[DESCRIPTION OF THE TASK]:
Exactly as they stand, repeat the lines from the one containing "Flare Pants Black And Beige Houndstooth" through the final line of the listing, both ends included, and nothing else; skip the pictures.

[GIVEN DATA]:
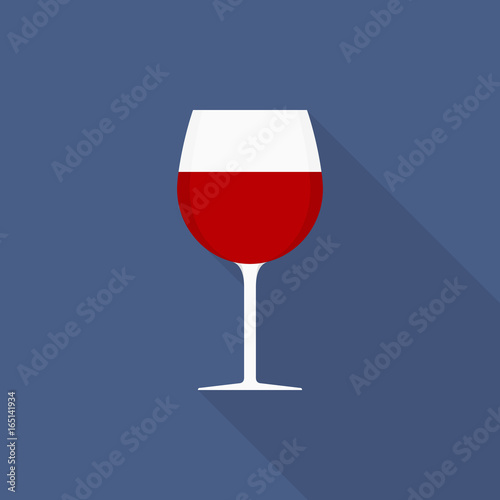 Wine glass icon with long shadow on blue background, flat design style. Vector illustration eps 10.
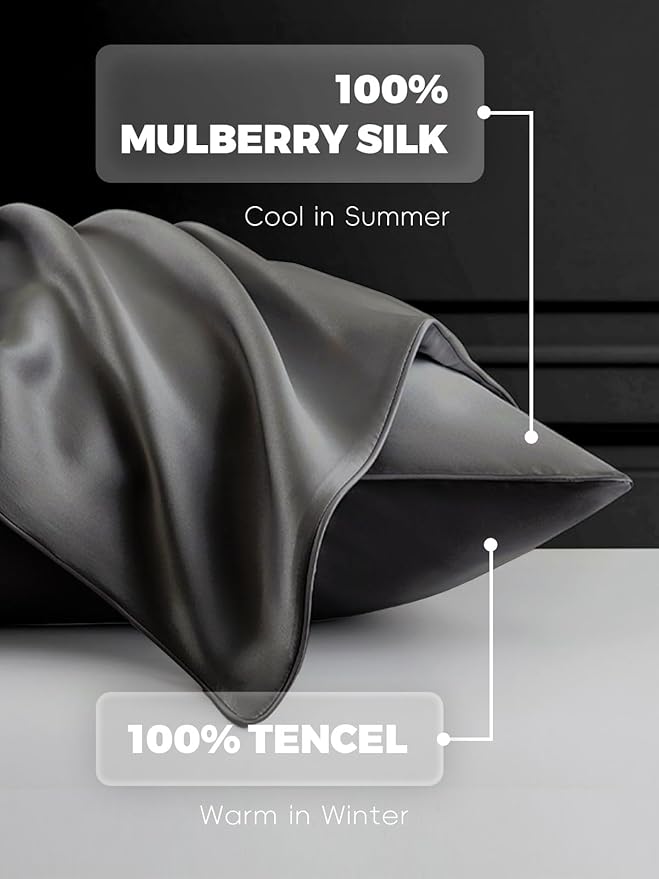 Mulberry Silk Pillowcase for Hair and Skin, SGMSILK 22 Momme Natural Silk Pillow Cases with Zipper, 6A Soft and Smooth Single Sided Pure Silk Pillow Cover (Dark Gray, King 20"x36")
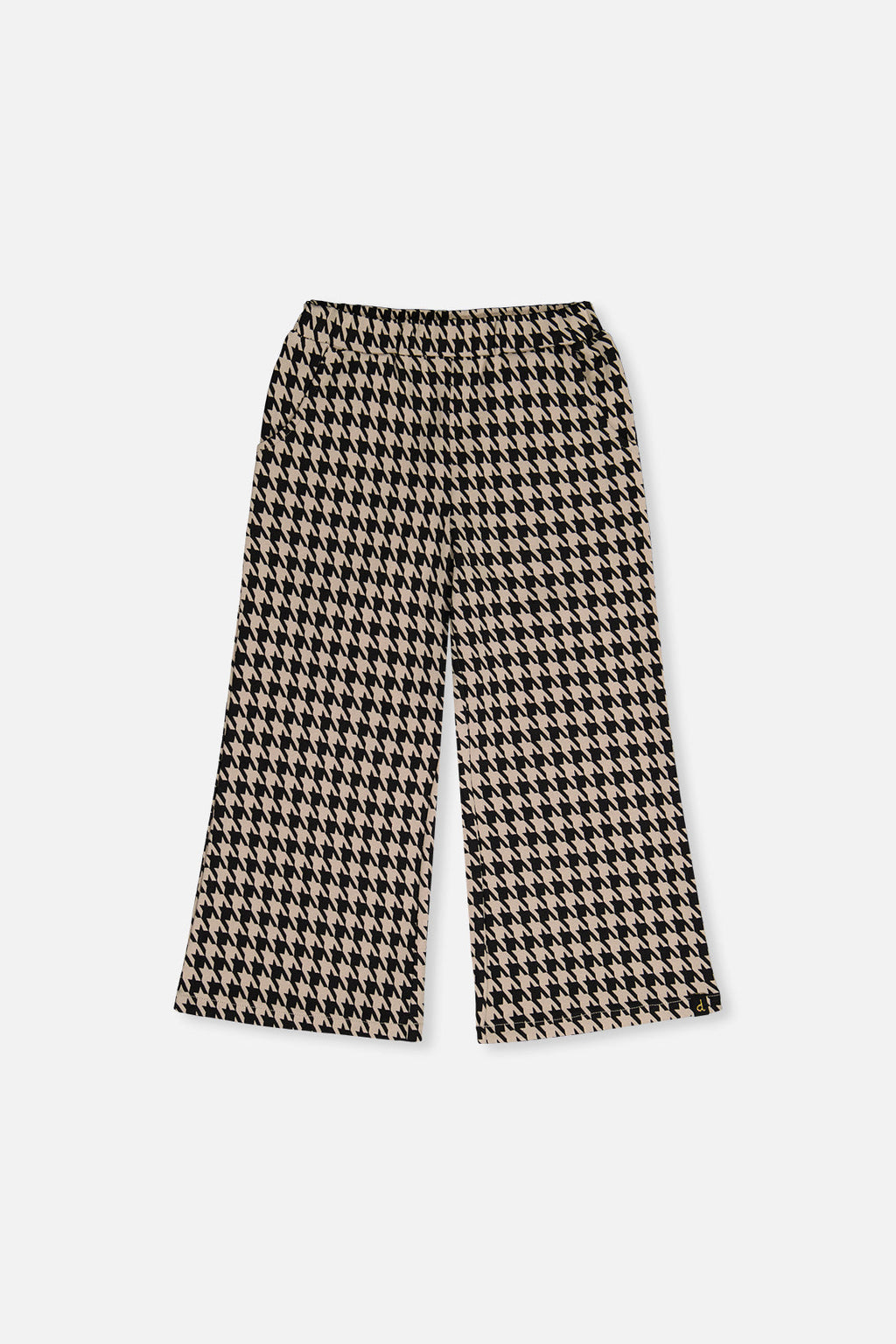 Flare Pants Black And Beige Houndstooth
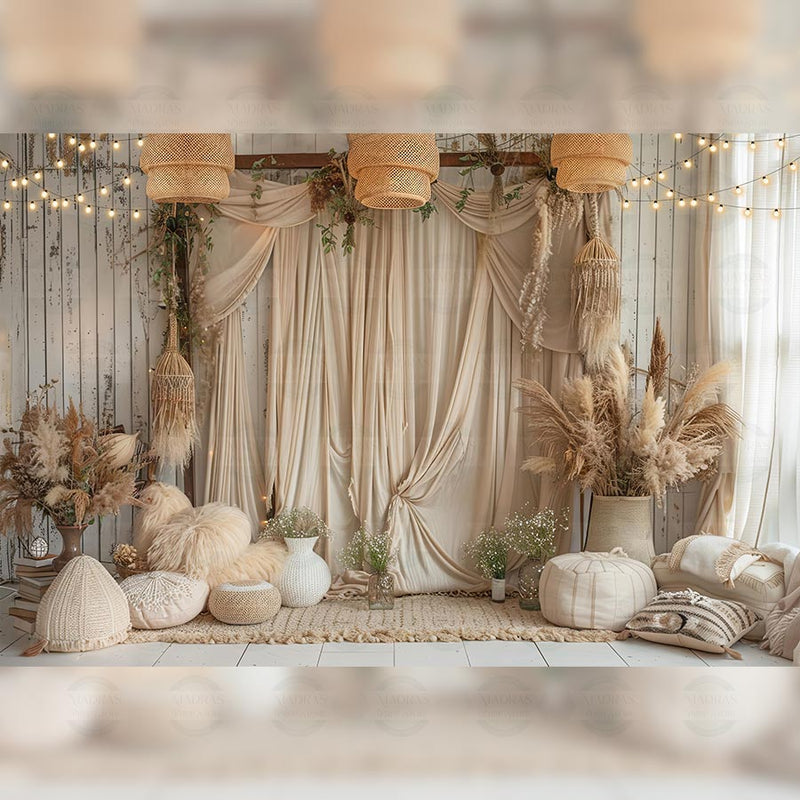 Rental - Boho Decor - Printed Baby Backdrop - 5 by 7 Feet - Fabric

[RESULT FOR THIS TASK]:
 Flare Pants Black And Beige Houndstooth
 Rental - Boho Decor - Printed Baby Backdrop - 5 by 7 Feet - Fabric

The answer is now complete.